19,240.

That is the number of young men who were mown down on the first day of the Somme in 1916. To mark the centenary of The Great War, Northern Broadsides is touring Deborah McAndrew’s new play An Autumn Bank Holiday Lark.

As an actor, McAndrew will always be remembered as the feisty Corrie legend Angie Freeman, but since departing the Weatherfield cobbles she has developed a reputation as one of the North’s best playwrights, often in tandem with Halifax-based Broadsides.

Her new work, partly inspired by Philip Larkin’s poem MCMXIV, is focused around the annual rush-bearing festivals which began when churches had earth floors and the rushes were brought into soak up the mud tramped in by worshippers.

“It is a big deal and happens during the Wakes Week when the mills closed and, in some areas today, they still call a week in the August holidays The Wakes,” explains McAndrew. “They were staggered across the area so not all the mills were closed at any one time.

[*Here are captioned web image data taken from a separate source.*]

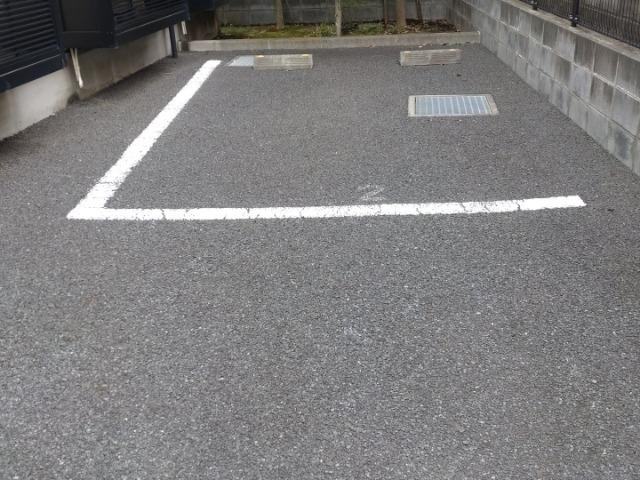 三浦(37272)の外観・駐車場イメージ1枚目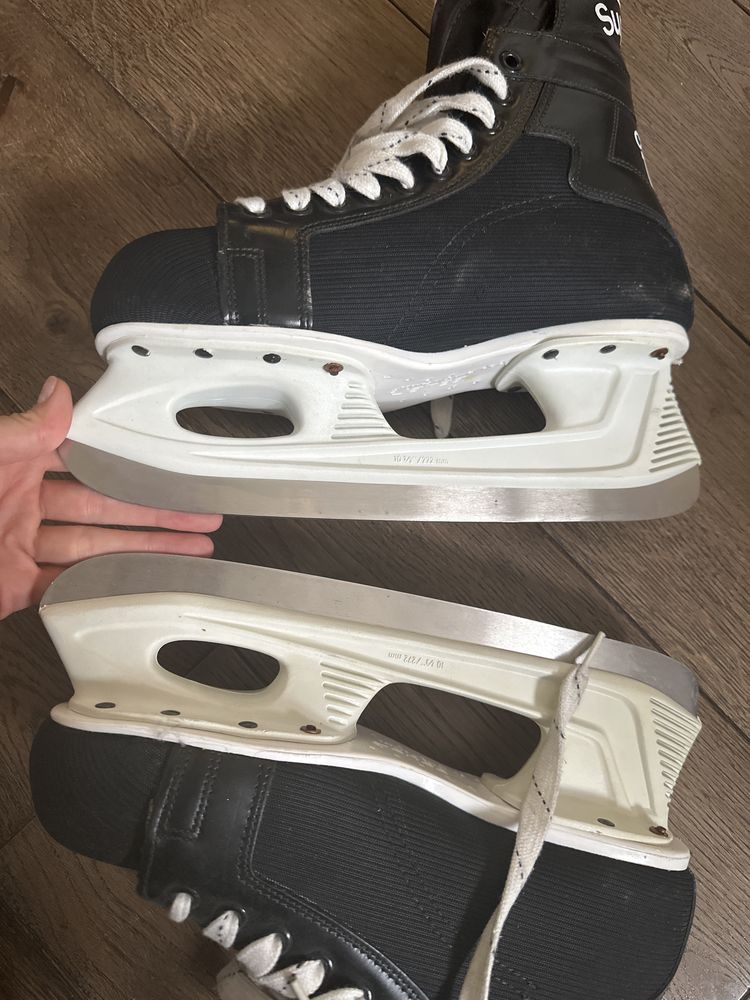 Хокейні ковзани Bauer Supreme Custom 1000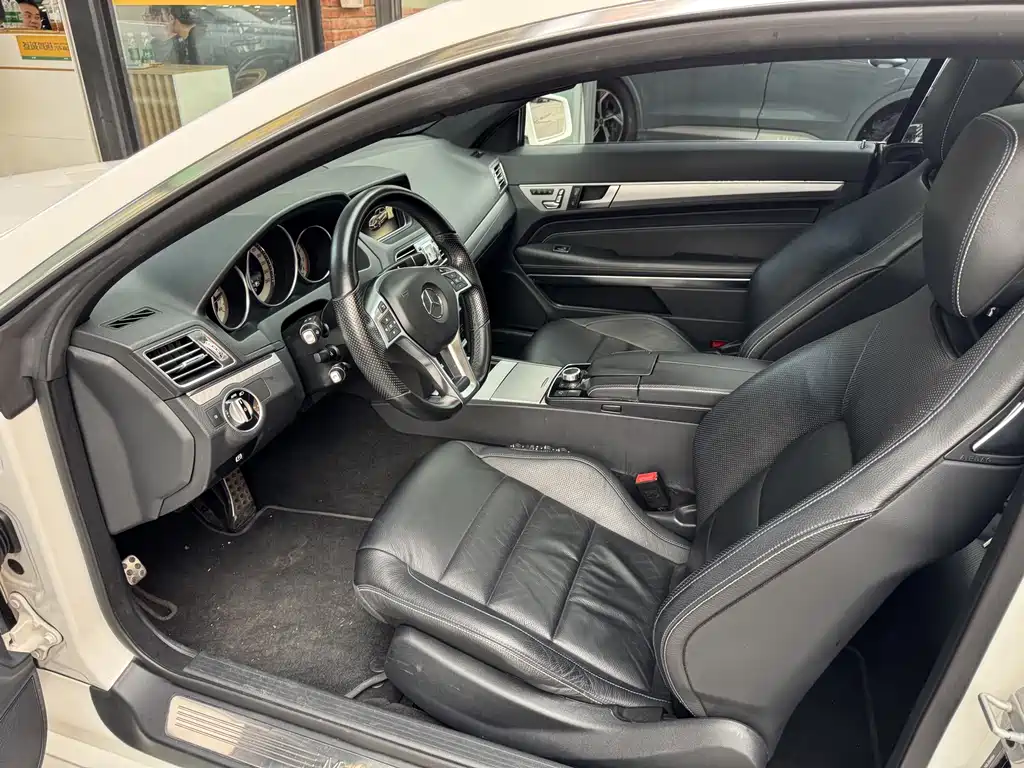 Mercedes-Benz E-Class (Import) — миниатюра 8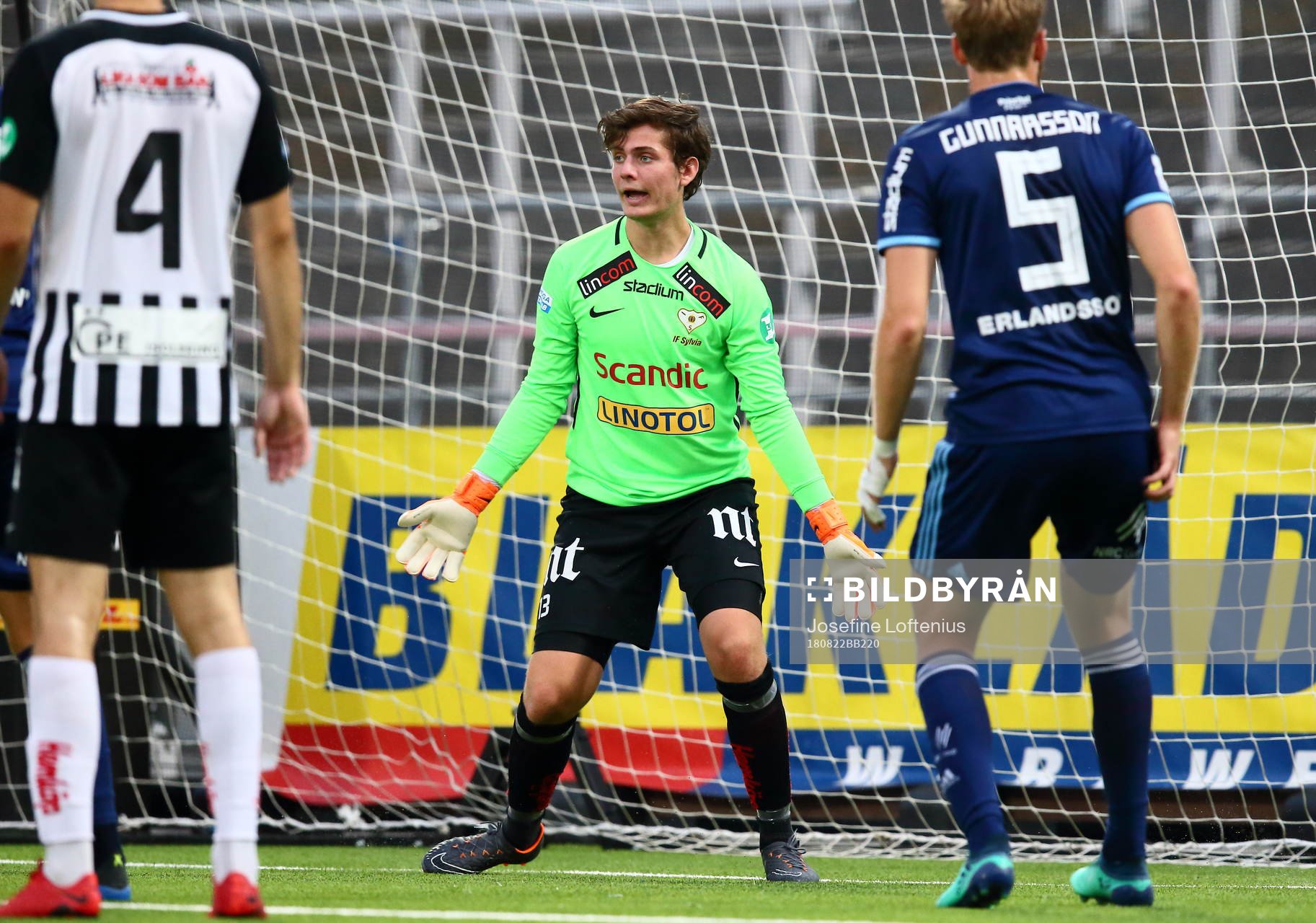 Sylvias målvakt Robin Gustavsson reagerar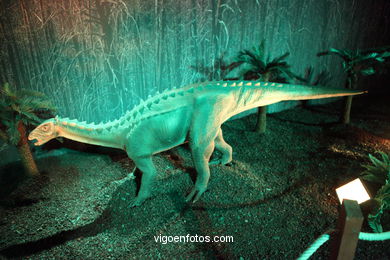 DINOSAURIOS -  ESQUELETOS Y HUESOS. EXPOSICIÓN UNIVERSAL - GOBISSAUROS - DINOSAURIOS DEL DESIERTO DEL GOBI. EXTINCIÓN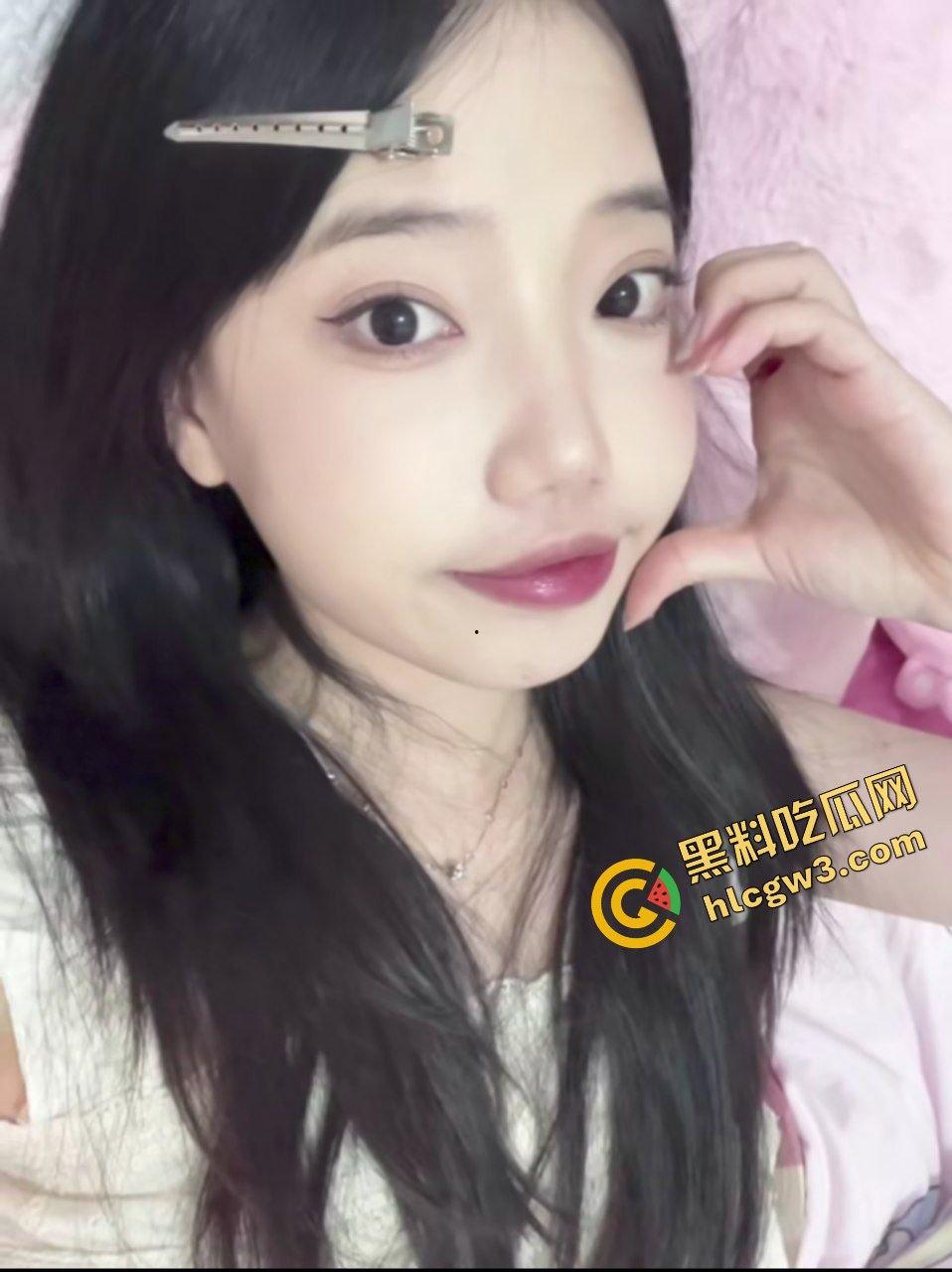 泉州职业技术大学反差婊骚鸡『黄巧玲』毕业投简历给大哥 闭眼吸蛋全裸暴力后入嫩体！独家曝光！-2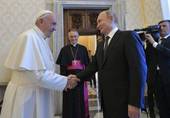 PAPA FRANCESCO: “Prima di andare a Kiev devo andare a Mosca, sono pronto a incontrare Putin”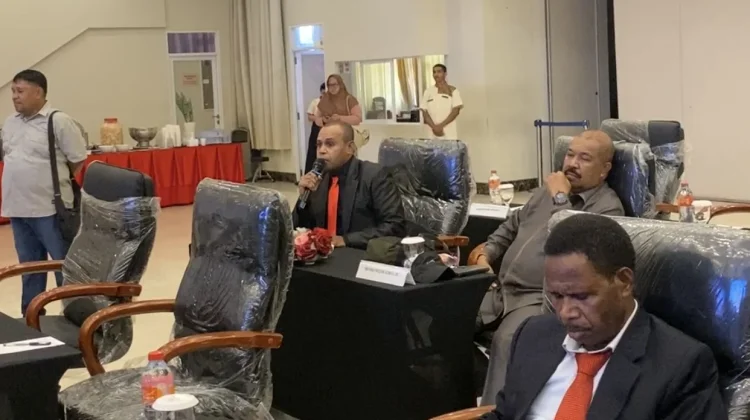 Interupsi Penyerahan LHP BPK, Cartensz Minta Dokumen Dibagikan ke Anggota DPRP PBD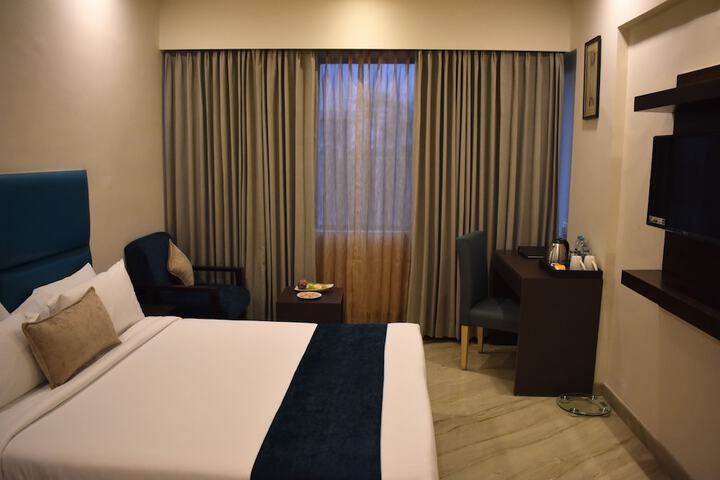 Room 16 of 117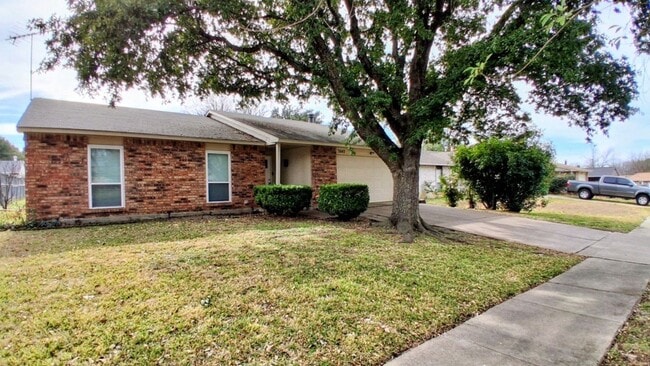 Photo - North Richland Hills Home on Spacious Lot!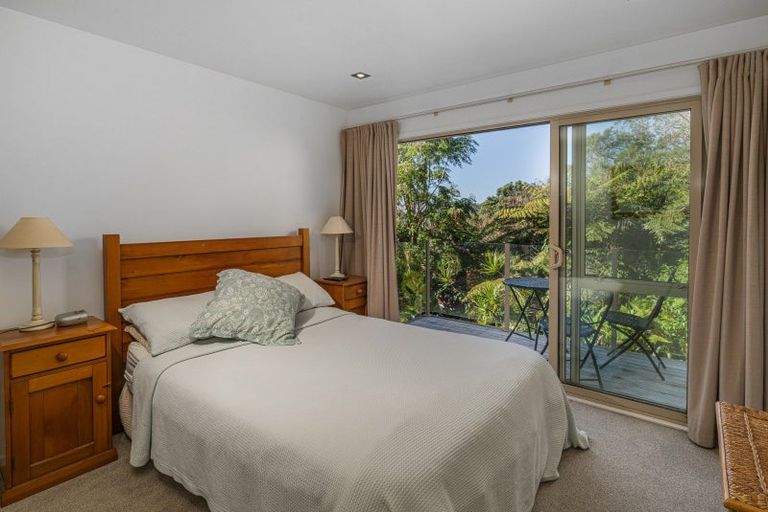 Photo of property in 10 Patricia Place, Hahei, Whitianga, 3591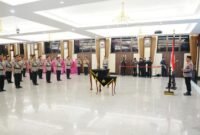 Kapolri Jenderal Listyo Sigit Prabowo melantik Irjen Asep Edi Suheri sebagai Kapolda Metro Jaya di Gedung Rupatama, Jakarta Selatan, Selasa (19/8/2025). (Dok-Polri)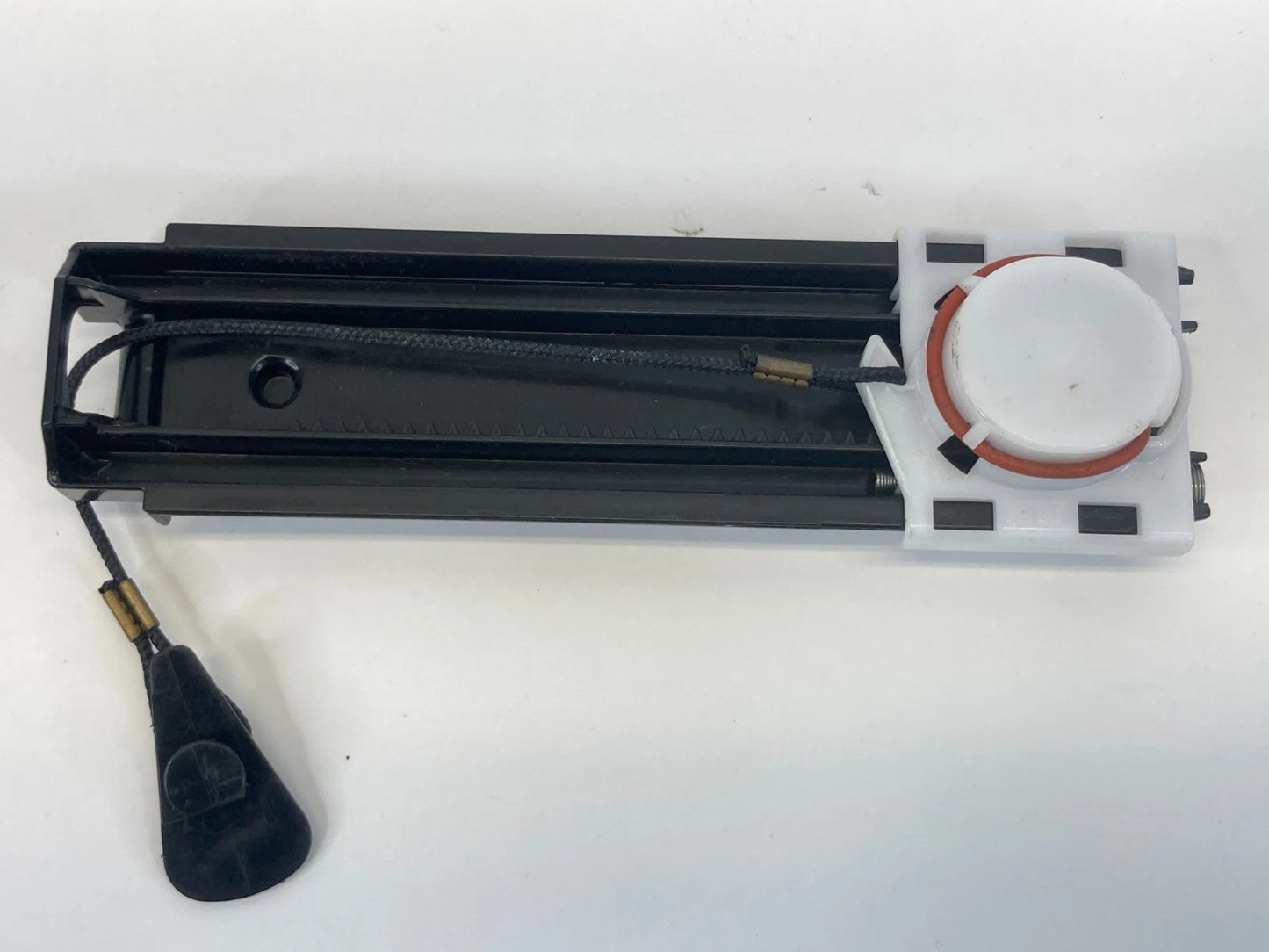 2011-2016 CHRYSLER TOWN & COUNTRY DASH LOWER GLOVE BOX DAMPER ACCUATOR OEM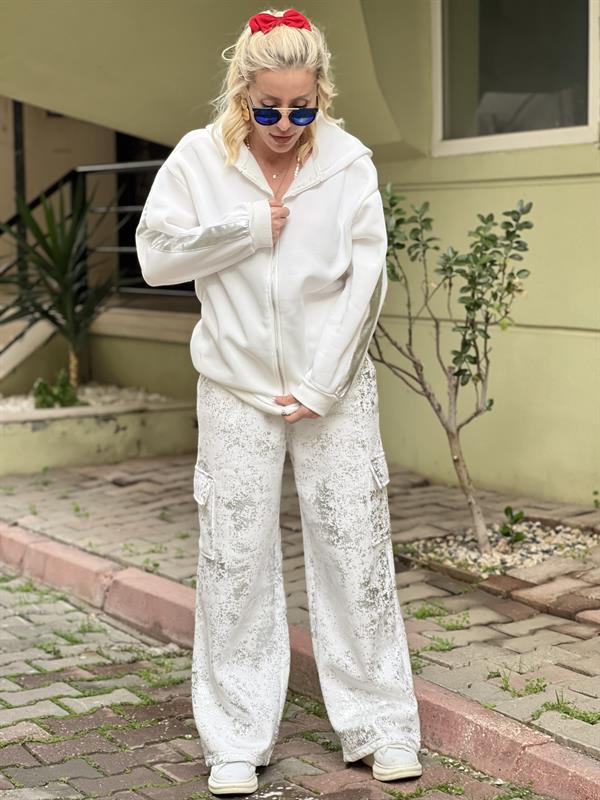 VARAK DETAYLI BEYAZ EŞOFMAN 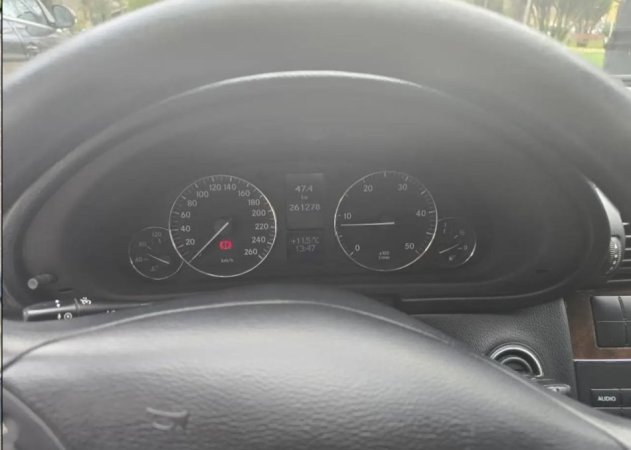 Tirane, shes makine Mercedes Benz Nafte, manuale Kondicioner 262 km 4.500 €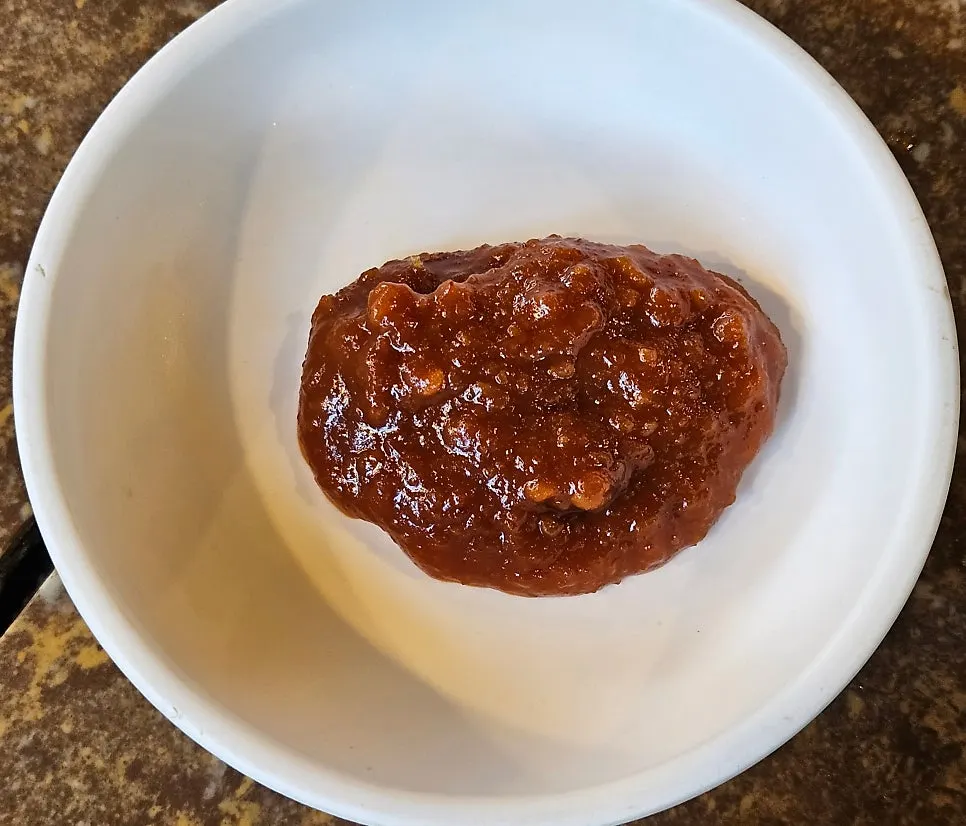 마늘과 쌈장까지 차려진 약샘골가든 한상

“Instead of the women just going ‘let’s get rushes off floor’, the men thought ‘we’ll have a cart, bells and dancing’ so it becomes a much bigger thing altogether. It was originally the young women who took the rushes out, but it then become scandalous for the women to pull a rush cart and dance.”

McAndrew has created a fictional Lancashire mill town called Greenmills which is preparing its huge rushcart in August 1914. For three young men, their lives are about to change forever.

She says: “The Government immediately began a recruitment campaign when the First World War started but if the conflict was going to be over by Christmas as they said then why they did they need hundreds and thousands of men? You have to question that. The difference in this war was that, after we lost the press gangs in the navy, people who wanted to be soldiers became soldiers. But this was a mass recruitment of civilians on a massive scale.”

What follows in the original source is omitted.